Of course, few business leaders walk a straight path. Everyone zigs and zags on the path to success. But the fact is, most immigrants have encountered tougher zags. One of our portfolio founders grew up in village without reliable access to water. Instead of giving in, he became an expert in technology and business. By age 28, he received his master’s degree from USC, published seven books on artificial intelligence (AI) and is now leveraging AI to help American water facilities prevent infrastructure failures and save billions – in both water and profit, annually. His life experiences shaping his grit and determination.
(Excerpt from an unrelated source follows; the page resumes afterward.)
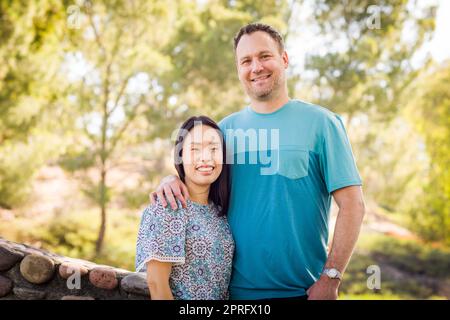 Außenporträt eines chinesisch-kaukasischen Paares. Stockfoto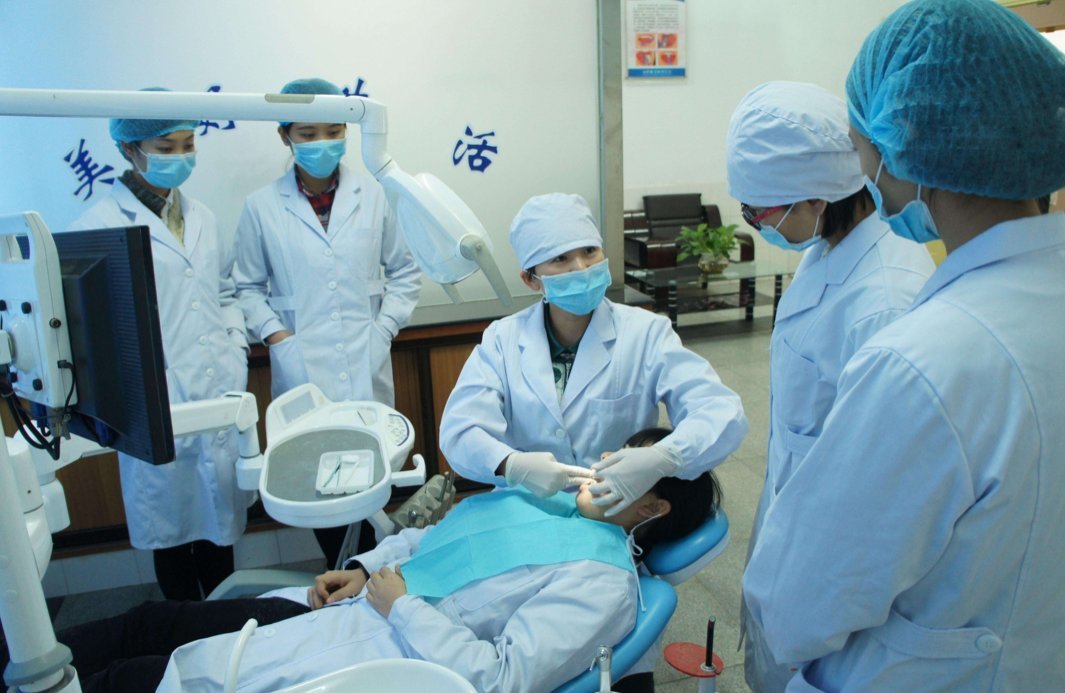 口腔医学就是个垃圾专业是真的吗？为什么很多人都后悔死了？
I’m a first generation American. After working with my co-founder, Nitin Pachisia, and other immigrant entrepreneurs, I’ve gained tremendous empathy for adversity muscles– including those of my parents. I never fully appreciated the struggles they must have endured as they settled our family in the U.S.
Today, Unshackled’s portfolio has founders hailing from each of the six inhabited continents. They come from 16 countries and speak 30 unique languages. They all immigrated to pursue their American dream.
The shared characteristic of these entrepreneurs – and all successful people– is someone believed in them early on. Unshackled plays the role of believer in their entrepreneurial lives. We know the power and energy of our founding teams is unmistakable.
And we have the numbers to prove it. We’ve seen our immigrant founders thrive in this environment. In three years, Unshackled’s fund performance is in the top decile of those started in 2014 and boasts one of the lowest failure rates. Supporting immigrant early-stage entrepreneurs works.
The U.S. has a tradition of being the land where the best in the world come to build businesses that benefit everyone. More than 40 percent of Fortune 500 companies were founded by immigrants or children of immigrants. But that trend has changed and we’re not reticent to say that the American immigration policy is broken. We have spoken out and called for policy changes needed to encourage the best foreign students and workers to settle and innovate here, not back in their home country – a proven job creation strategy.
The determination and brilliance of immigrant business-people helped make America one of the most competitive countries in the world. At Unshackled, our goal is to create 100,000 domestic jobs. Someday, we will hear an American from our heartlands go on TV thanking an immigrant entrepreneur for putting food on their dinner table. The common denominator? Both employer and employee have the adversity muscle to succeed.